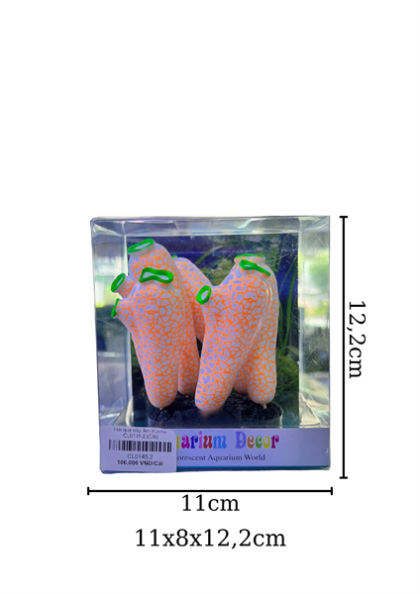 Hải quỳ nắp ấm (Cam)- CL0145.2 - Cái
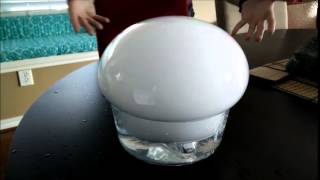 Science with the Millers - Dry Ice Bubble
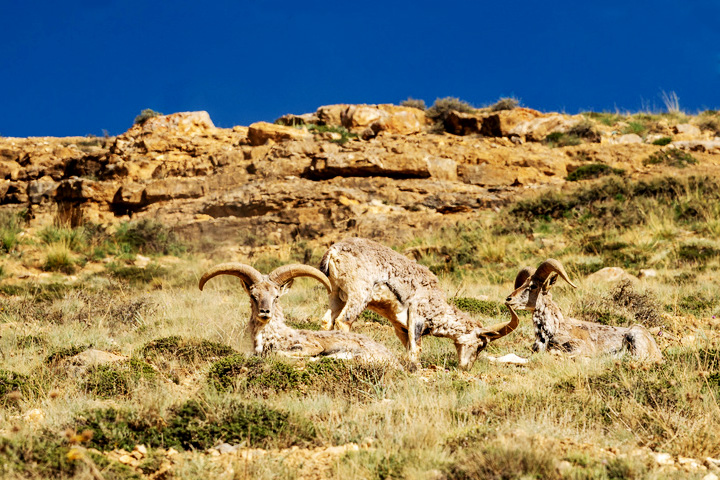 Kibber Wildlife Sanctuary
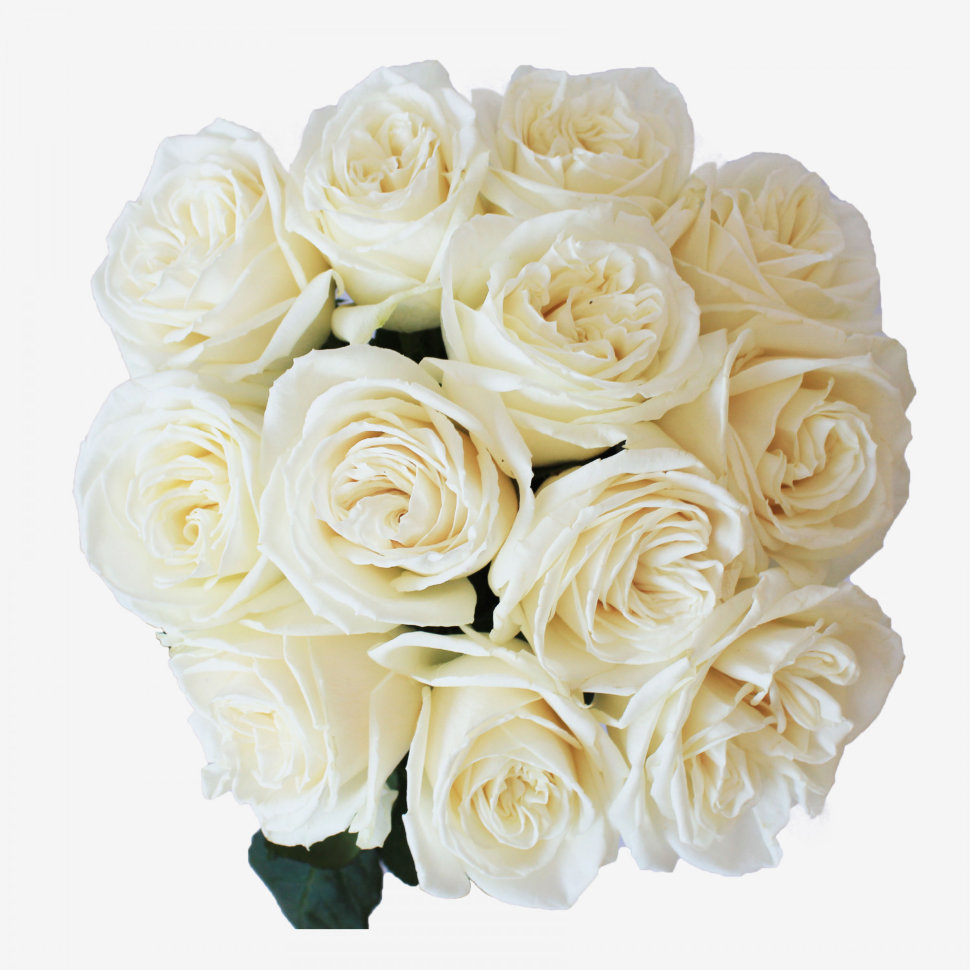 12 White Playa Blanca Rose Bouquet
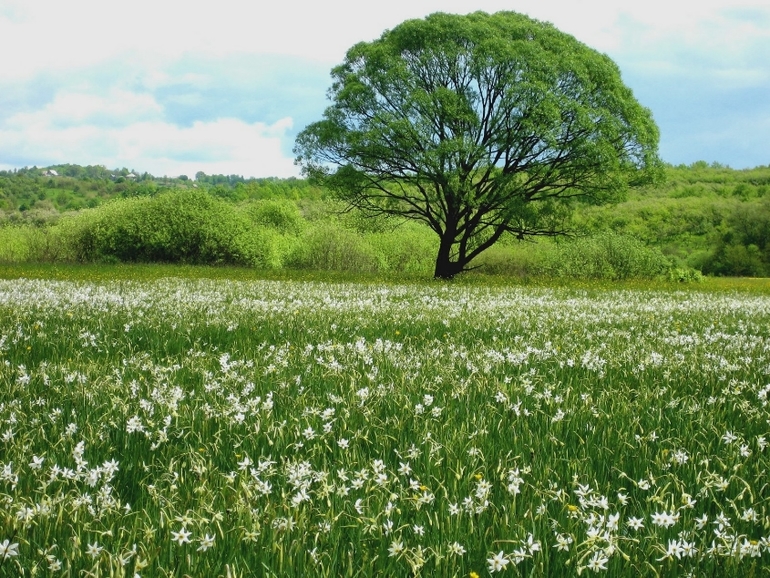Мой любимый город в солнечнем Закарпатье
++++++
▶ _Exercise goal_
Skip the pictures and retype exactly the lines from the one that contains "Science with the Millers - Dry Ice Bubble" to the last line of the records.

▶ _Response to the task_
 Science with the Millers - Dry Ice Bubble
 Kibber Wildlife Sanctuary
 12 White Playa Blanca Rose Bouquet
Мой любимый город в солнечнем Закарпатье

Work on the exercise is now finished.